A ver si comprendes tú

Que luego no tenga ganas.

No te creas que no estás buena,

ni te pongas como una fiera,

Que toa la culpa es del que hizo Cai,

El que hizo cai de esta manera»



Como yo me conozco el percal desde niño y tengo además familia junto a Puertatierra, me ahorro siempre la mitad de la copla. Que después tenga ganas o no eso ya es -y nunca mejor dicho- otro cantar.

Si tiramos para la Victoria no faltan alicientes, como ir al gitano rubio de gañote o con la visa de la empresa. Yo les aconsejo que vayan de paseo junto al mar hasta llegar al idem Marítimo, y allí descansar en la terraza de El cojo o en la de uno de los muchos bares que lo jalonan. Si se les hizo de noche pueden dar un salto a la calle Muñoz Arenillas que hace años estaba bastante ambientada.
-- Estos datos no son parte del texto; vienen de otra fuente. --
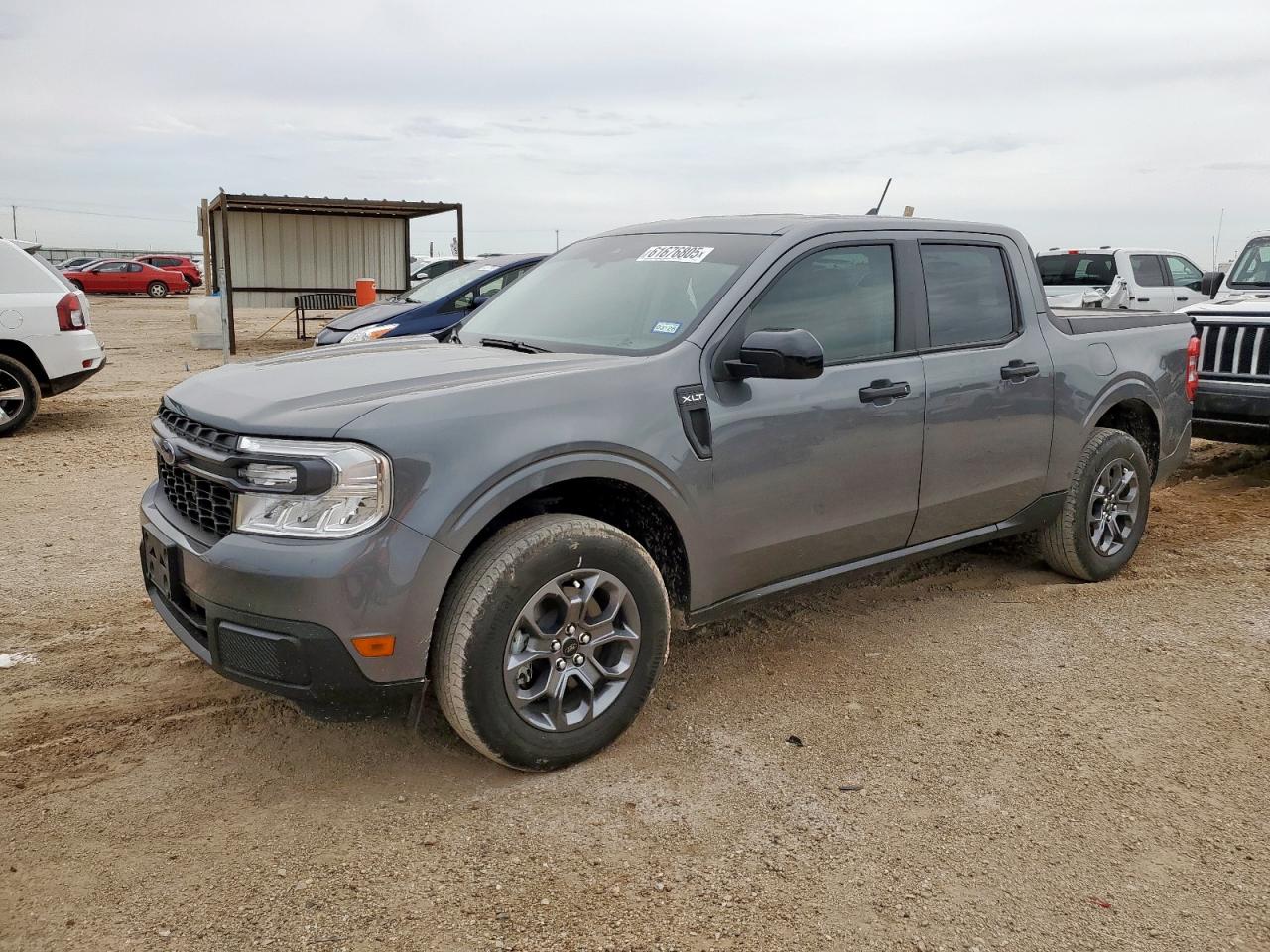 FORD MAVERICK XLT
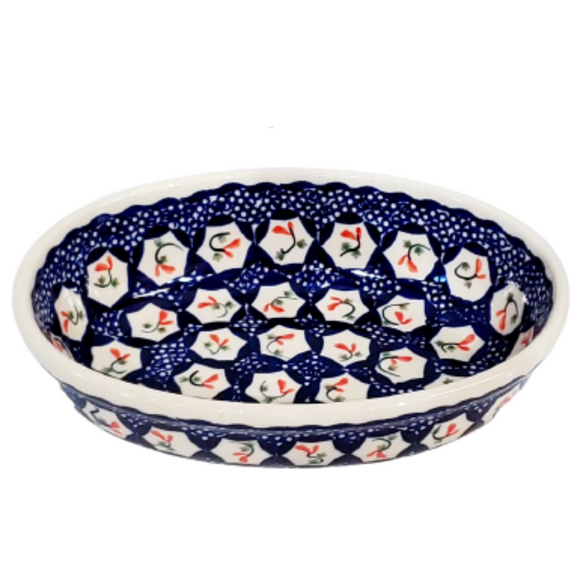 17cm Oval Serving/Baking Dish in traditional pattern.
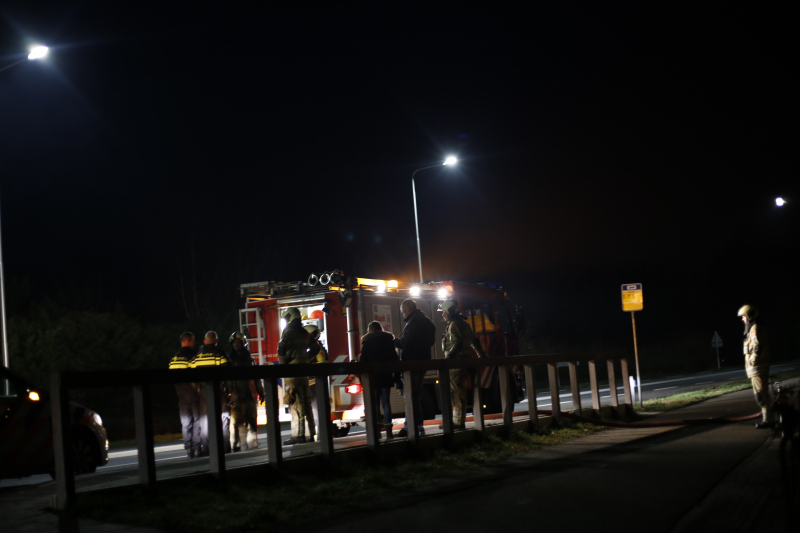 Schuur met rietenkap in brand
Ayer por mi parte preferí, como casi siempre, tirar para Puertatierra y atravesando el Populo adentrarme en la ciudad vieja; a empaparme de ella disfrutando de un largo paseo sin desperdicio, una caminata distinta por tantas veces repetida, nueva de puro antigua. Como decía atravesamos el Populo callejeando a la buena de Dios, curioseando escaparates de viejos comercios como el diminuto escaparate del obrador de La Gloria, una pastelería con cuyo solo nombre se me vuelve la memoria bizcotela y dulce de Merengue. Así llegamos a San Juan de Dios, dejamos atrás el ayuntamiento y nos dirigimos a la plaza de las Flores, donde nos sorprendió una estupenda exposición al aire libre de paisajes marinos.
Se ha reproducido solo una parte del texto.